Assignment:
Look below for the line that contains "Leiligheten ligger i", then copy it and each following line exactly, through and including the line that contains "bc-reduz-juros-basicos-para-14,75%-ao-ano".

Provided entries:
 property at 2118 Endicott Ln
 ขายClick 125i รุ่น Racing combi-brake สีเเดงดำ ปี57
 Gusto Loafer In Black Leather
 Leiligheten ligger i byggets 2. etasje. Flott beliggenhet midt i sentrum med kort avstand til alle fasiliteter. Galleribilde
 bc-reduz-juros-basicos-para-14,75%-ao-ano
* * *
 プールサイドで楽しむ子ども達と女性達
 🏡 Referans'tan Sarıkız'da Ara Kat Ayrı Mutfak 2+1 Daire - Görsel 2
==
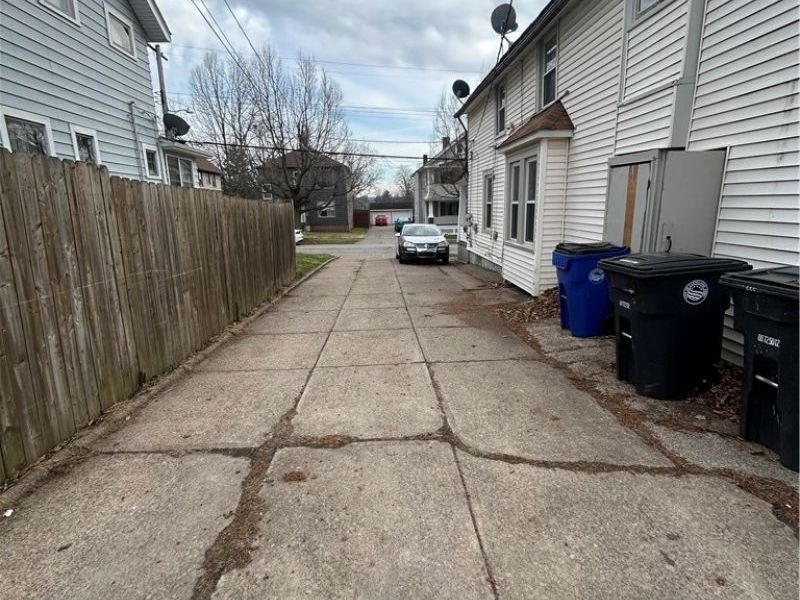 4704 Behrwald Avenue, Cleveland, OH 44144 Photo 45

Written reply:
 Leiligheten ligger i byggets 2. etasje. Flott beliggenhet midt i sentrum med kort avstand til alle fasiliteter. Galleribilde
 bc-reduz-juros-basicos-para-14,75%-ao-ano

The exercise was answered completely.